The Constitution of the USSR will help us verify the validity of this argument. In 1977, the latest constitution  of the Soviet Union, as amended, was adopted. We are particularly interested in articles 72 and 86, which could directly concern Nagorno-Karabakh. According to article 72, the Union republics were allowed to secede from the Soviet Union, but at that time Nagorno-Karabakh was considered an autonomous region. Article 86 confirmed that the borders of union republics cannot be changed without the consent of the republics themselves. 
Another frequently used argument of the Armenian side is the following: the Armenians of Nagorno-Karabakh have the right to self-determination as a people. However, there is no such people “Armenians of Nagorno-Karabakh”. I perfectly understand the attempts of the Armenian side to convince us that the Armenians of Nagorno-Karabakh have a different dialect or other traditions. But the population of Nagorno-Karabakh was considered the Armenians, Azerbaijanis and other national minorities. In Armenia, there is a nation that has already determined itself and has its own state. Do not forget that the right to self-determination is subject to the principle of territorial integrity of the state. This point was also taken into account in the Helsinki Final Act.  Otherwise, countries in arbitrary form would change borders with their neighbors, and would expel one part of the population. As members of the United Nations (UN), both parties must respect international law and structure their foreign policies accordingly. Otherwise, the UN Security Council would not have adopted four resolutions on the conflict between Armenia and Azerbaijan, which call for the unconditional withdrawal of Armenian troops from the occupied Azerbaijani territories and the return of internally displaced persons to their lands. 
Facts and Figures
Many German journalists try to compare the ethnic composition of Nagorno-Karabakh only in the 20th century. In principle, there is no problem. However, most of the information we receive boils down to the fact that the Armenian population supposedly always dominated in Nagorno-Karabakh.

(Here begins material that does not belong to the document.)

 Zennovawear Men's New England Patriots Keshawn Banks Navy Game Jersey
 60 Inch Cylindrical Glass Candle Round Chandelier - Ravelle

When the Russian Empire conquered Transcaucasia, and the Turkmenchay Treaty was signed in 1828, the number of Armenians increased dramatically. After the decree of the Russian Tsar Nicholas I, the “Armenian region” was founded on the site of the Irevan and Nakhichevan khanates. Then the Armenians were resettled from various regions of the Ottoman and Persian empires in order to Christianize the recently conquered territories. Before the resettlement of Armenians, the ethnic composition of the former Irevan Khanate was as follows: about 50,000 Muslims and 20,000 Armenians; 17,000 Muslims and 2,700 Armenians lived in Nakhichevan.  Sources indicate that only in 1828-1830, 40,000 Armenians from Persia and about 84,000 from the Ottoman Empire were relocated to the territory of today’s Armenia and Nagorno-Karabakh.  Tsarist Russia continued the Armenization of the region in subsequent years. This historical fact cannot be ignored by professionals who continue to study the Karabakh problem.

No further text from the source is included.